A modular monolith keeps a single deployable app but enforces strong internal module boundaries, capturing much of the value of microservices without distributed-system complexity. It is often the right architecture and a deliberate stepping stone to services.

Organization
ThoughtWorks
Published
Apr 29, 2019

Best Practice: Modular Monolith

A modular monolith is a single deployable application that is internally divided into well-defined, loosely coupled modules with explicit boundaries. Each module owns its domain, exposes a clear interface, and hides its internals from the others. The application still builds and deploys as one unit, so you avoid the network calls, distributed transactions, and operational overhead of microservices, while still getting clean separation, independent reasoning, and the option to extract a module into a service later. This matters because many teams jump to microservices prematurely and inherit enormous distributed-system complexity. A well-structured modular monolith is often the right architecture, and a deliberate stepping stone if services are ever needed.

Step-by-Step Implementation Guidance

  1. Identify modules along business capabilities or bounded contexts, not technical layers.
  2. Give each module a public interface and keep its internals private.
  3. Forbid modules from reaching into each other's internal data or tables.
  4. Communicate between modules through interfaces or in-process events.
  5. Enforce boundaries with tooling such as build modules, packages, or architecture tests.
  6. Keep separate schemas or table ownership per module to ease later extraction.
  7. Extract a module into a service only when a real need, such as independent scaling, appears.

Common Mistakes Teams Make When Ignoring This Practice

  • Jumping straight to microservices and drowning in distributed complexity.
  • Building a big ball of mud monolith with no internal boundaries.
  • Letting modules share database tables, coupling them tightly.
  • Organizing by technical layer rather than business capability.
  • Relying on convention alone instead of enforcing boundaries with tooling.

Tools and Techniques That Support This Practice

  • ArchUnit and similar tools to test architectural boundaries.
  • Language module systems such as Java modules or .NET assemblies.
  • Build tools like Gradle or Maven multi-module projects.
  • In-process event buses for inter-module communication.
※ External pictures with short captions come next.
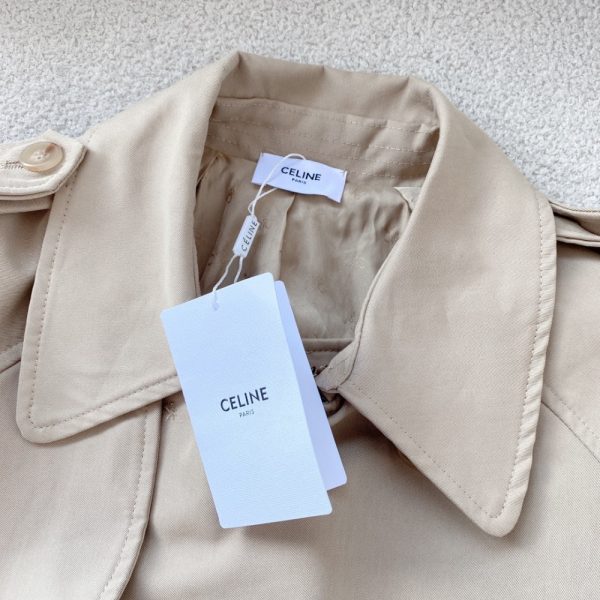 CELINE WILTERN TRENCH COAT IN COTTON GABARDINE BEIGE 2M96A777S 01TC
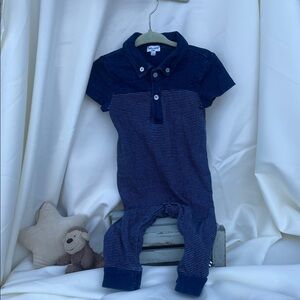 Splendid Blue and White Striped Romper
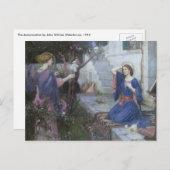 Die Ankündigung von John William Waterhouse Postkarte (Vorne/Hinten)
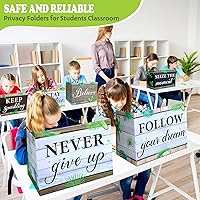 Vista 6 de Honoson 24 Piezas a Granel Carpetas de Privacidad Inspiradoras para Estudiantes Tableros de Cartón de Privacidad para Exámenes Palabras
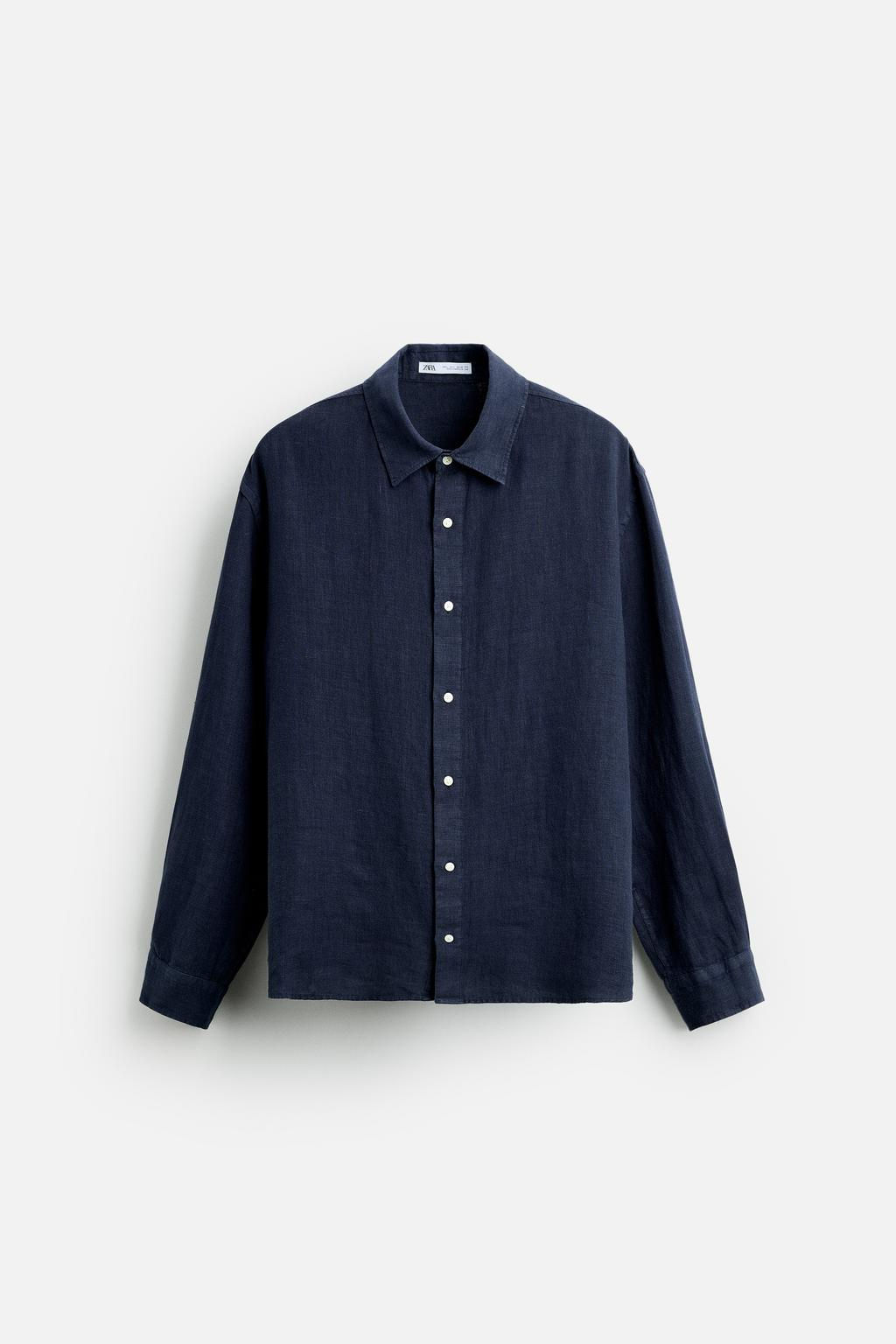 100% LINEN SHIRT - Zara фото 7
How This Practice Applies to Different Migration Types

  • Cloud Migration: Deploy one well-structured unit to the cloud, deferring service decomposition.
  • Database Migration: Per-module schema ownership makes splitting data later far easier.
  • SaaS Migration: Replace a single module's responsibility with a SaaS behind its interface.
  • Codebase Migration: Refactor a tangled monolith into modules as the first, lower-risk modernization step.

Checklist

  • Define modules by business capability.
  • Give each module a public interface and private internals.
  • Prevent cross-module access to internal data.
  • Communicate via interfaces or in-process events.
  • Enforce boundaries with architecture tests or tooling.
  • Keep schema or table ownership per module.
  • Extract services only when a concrete need arises.